* _What needs to be done_: With the pictures left aside, write out exactly the lines of the listing below from the line with "Male and female" to the line with "Puede incluir: Una", both included, and only those.

* _Records shown_:
##############################

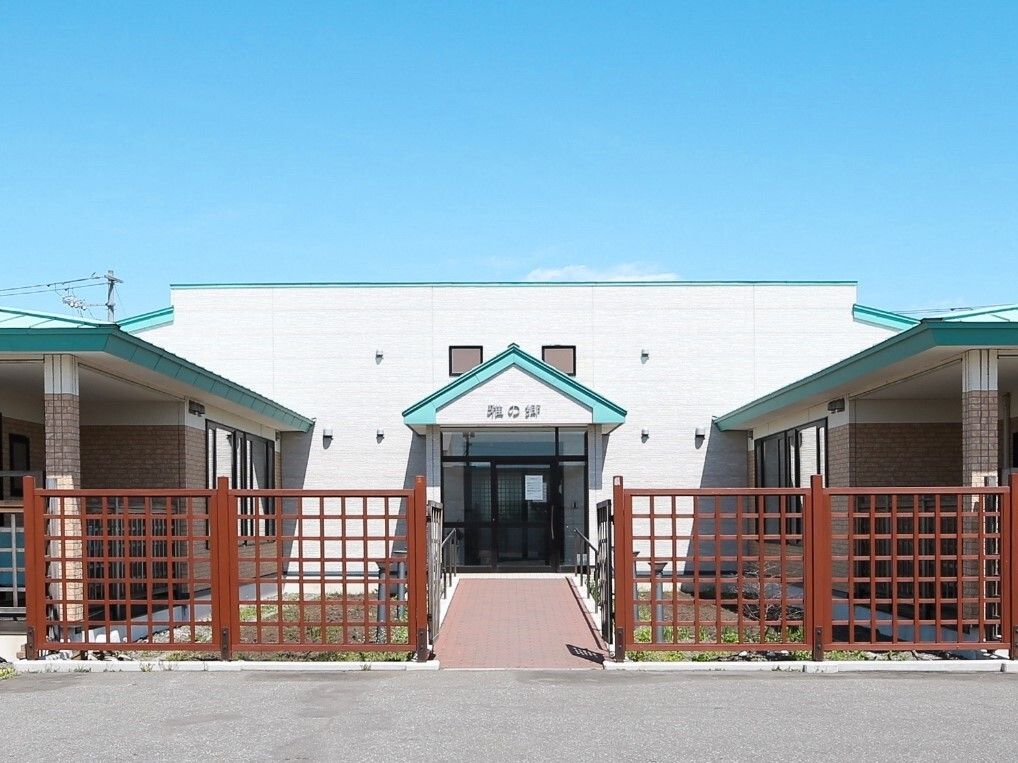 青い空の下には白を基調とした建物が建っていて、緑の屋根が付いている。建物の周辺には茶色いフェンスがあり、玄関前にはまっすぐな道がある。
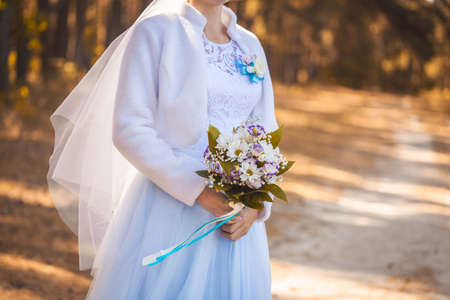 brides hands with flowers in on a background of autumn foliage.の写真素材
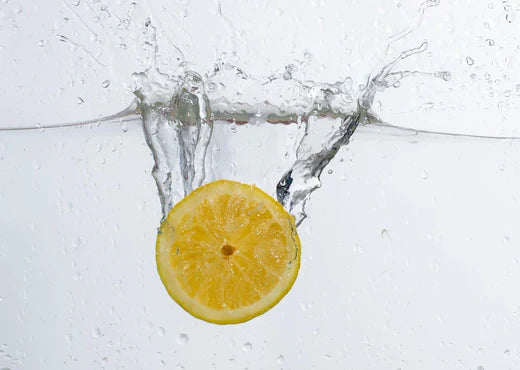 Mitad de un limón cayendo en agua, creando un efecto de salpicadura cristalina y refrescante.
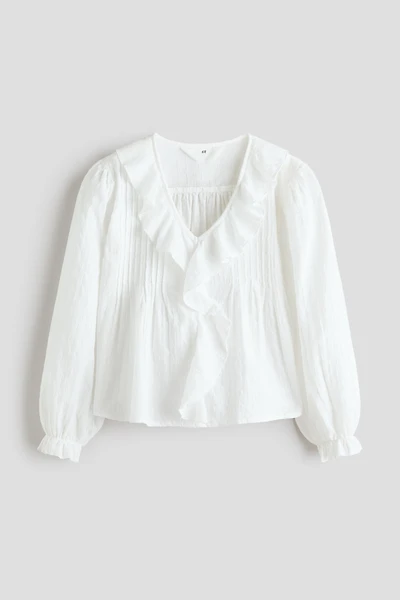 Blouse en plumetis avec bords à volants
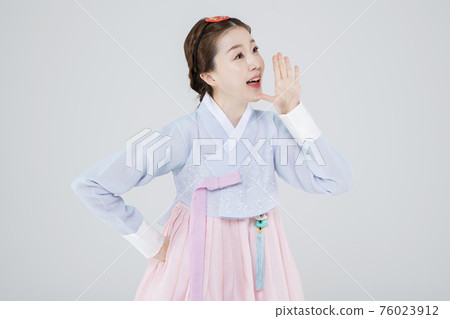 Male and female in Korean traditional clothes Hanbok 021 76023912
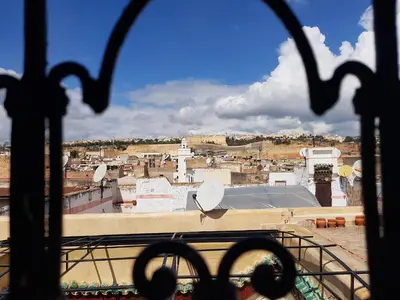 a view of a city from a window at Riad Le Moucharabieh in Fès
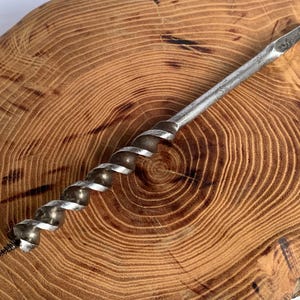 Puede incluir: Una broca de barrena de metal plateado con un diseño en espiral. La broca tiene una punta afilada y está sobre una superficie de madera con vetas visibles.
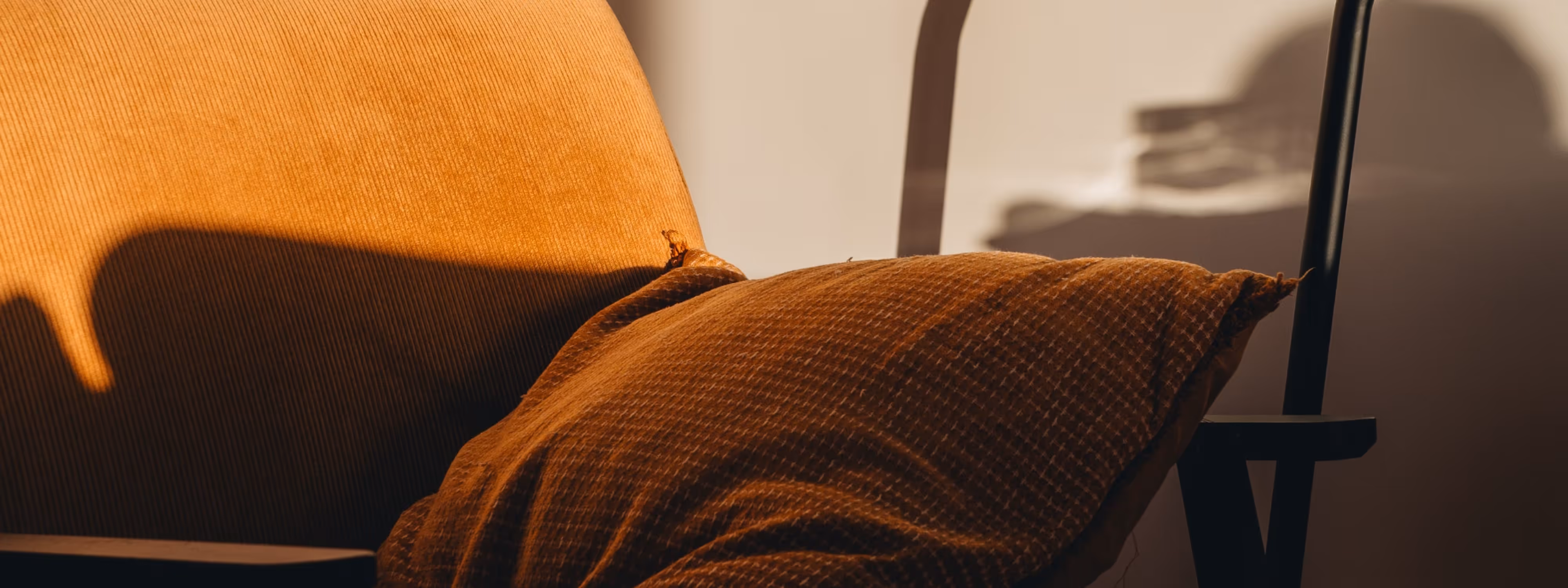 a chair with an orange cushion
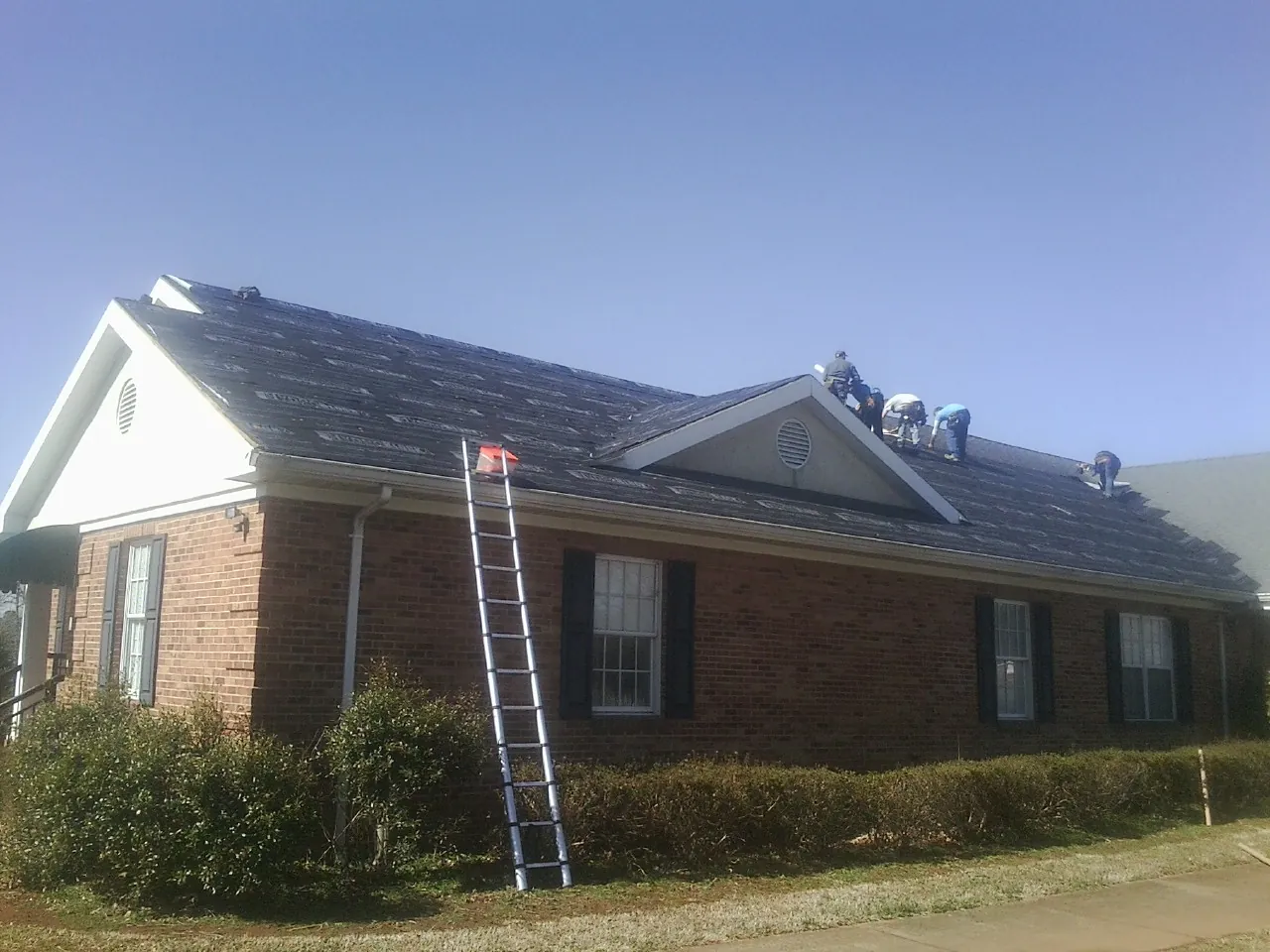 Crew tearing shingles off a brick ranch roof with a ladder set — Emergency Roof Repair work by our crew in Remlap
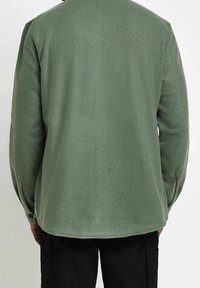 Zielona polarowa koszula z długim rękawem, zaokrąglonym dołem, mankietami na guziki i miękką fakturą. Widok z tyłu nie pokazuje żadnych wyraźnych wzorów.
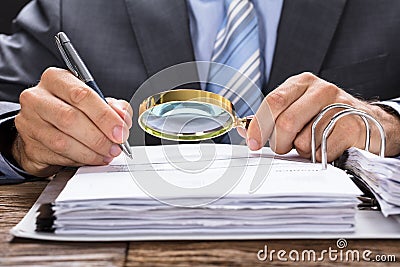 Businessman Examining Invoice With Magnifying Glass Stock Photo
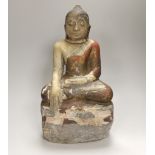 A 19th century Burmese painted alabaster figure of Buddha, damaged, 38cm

##############################

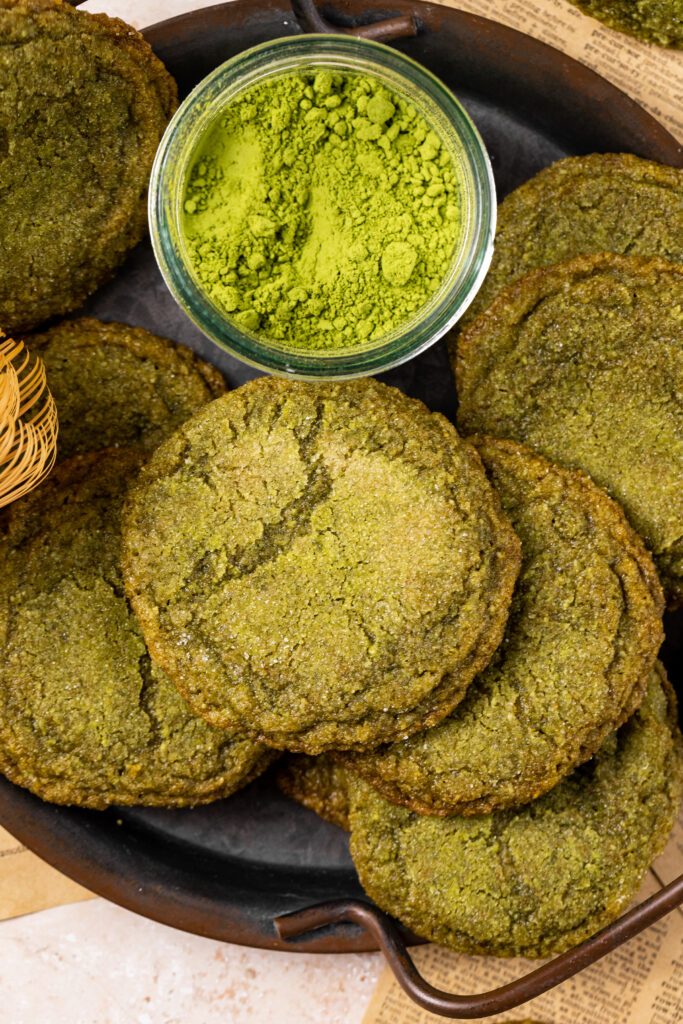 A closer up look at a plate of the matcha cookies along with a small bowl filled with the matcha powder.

##############################

* _Exercise answer_:
 Male and female in Korean traditional clothes Hanbok 021 76023912
 a view of a city from a window at Riad Le Moucharabieh in Fès
 Puede incluir: Una broca de barrena de metal plateado con un diseño en espiral. La broca tiene una punta afilada y está sobre una superficie de madera con vetas visibles.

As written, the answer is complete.